Try it –
Copy all data exactly. Skip pictures.

[Short text fragments from websites]

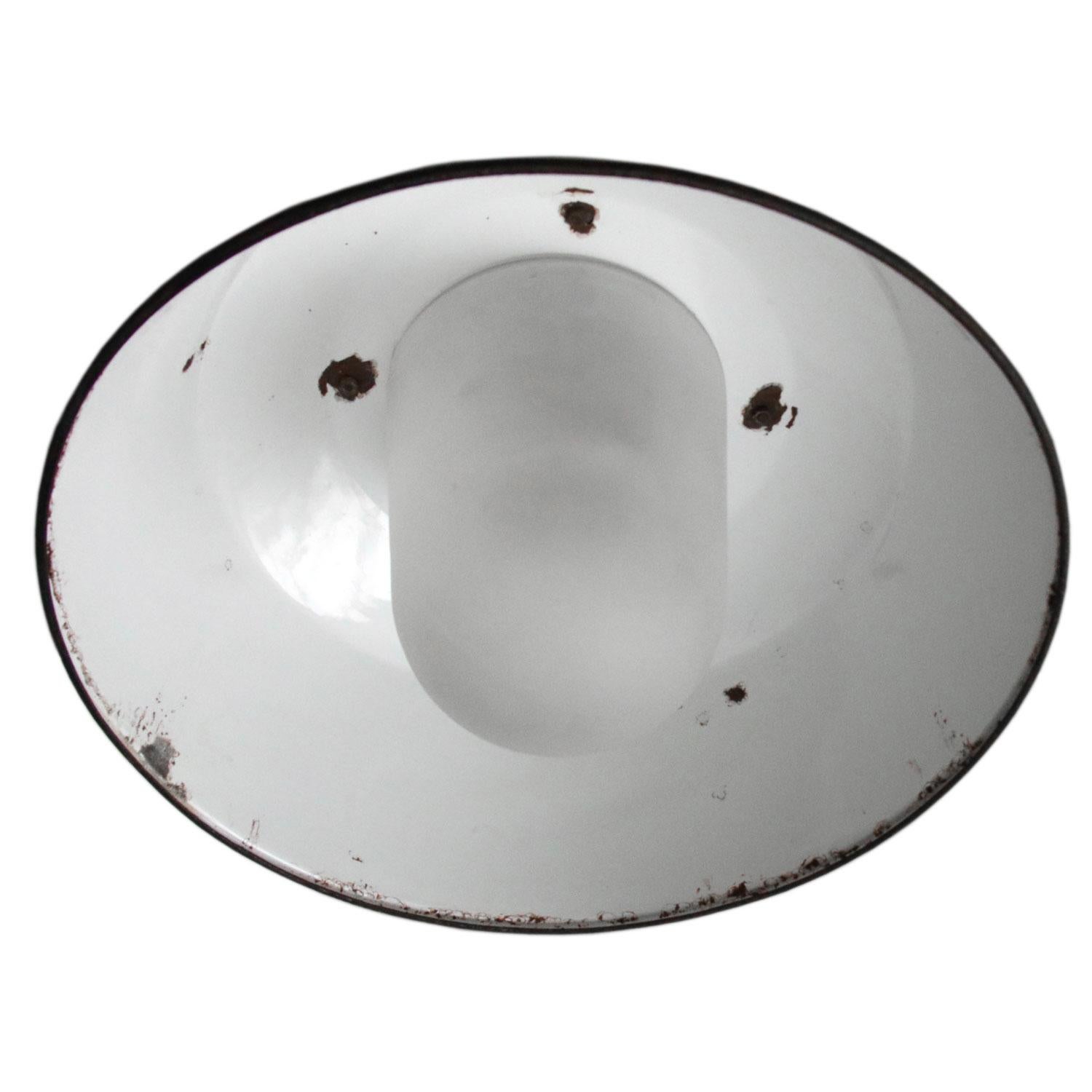 Factory hanging lamp
White enamel white interior
Frosted glass, cast iron top

Weight 5.50 kg / 12.1 lb

Priced per individual item. All lamps have been made suitable by international standards for incandescent light bulbs, energy-efficient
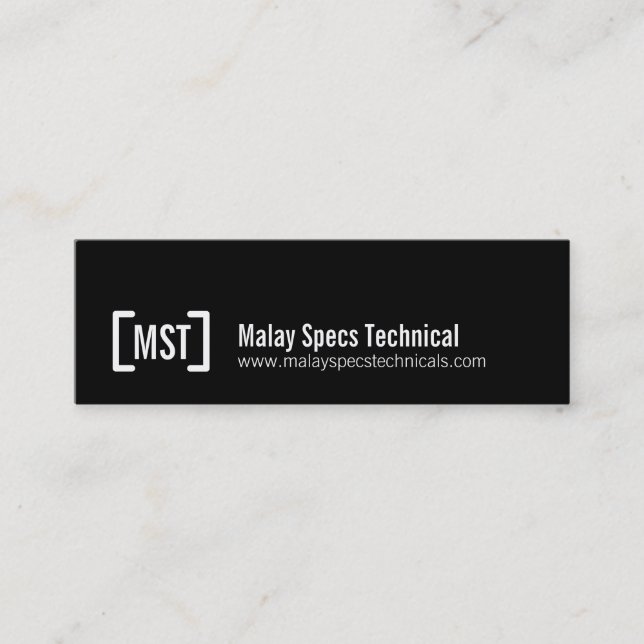 Professionellsvart & vitsmalavisitkort mini visitkort (Framsida)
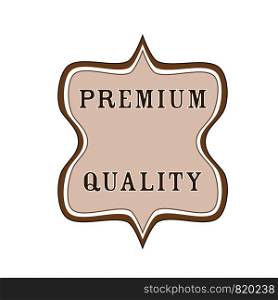elegant badge seal tag premium quality icon, stock vector illustration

Result of this task –
 Factory hanging lamp
White enamel white interior
Frosted glass, cast iron top

Weight 5.50 kg / 12.1 lb

Priced per individual item. All lamps have been made suitable by international standards for incandescent light bulbs, energy-efficient
 Professionellsvart & vitsmalavisitkort mini visitkort (Framsida)
elegant badge seal tag premium quality icon, stock vector illustration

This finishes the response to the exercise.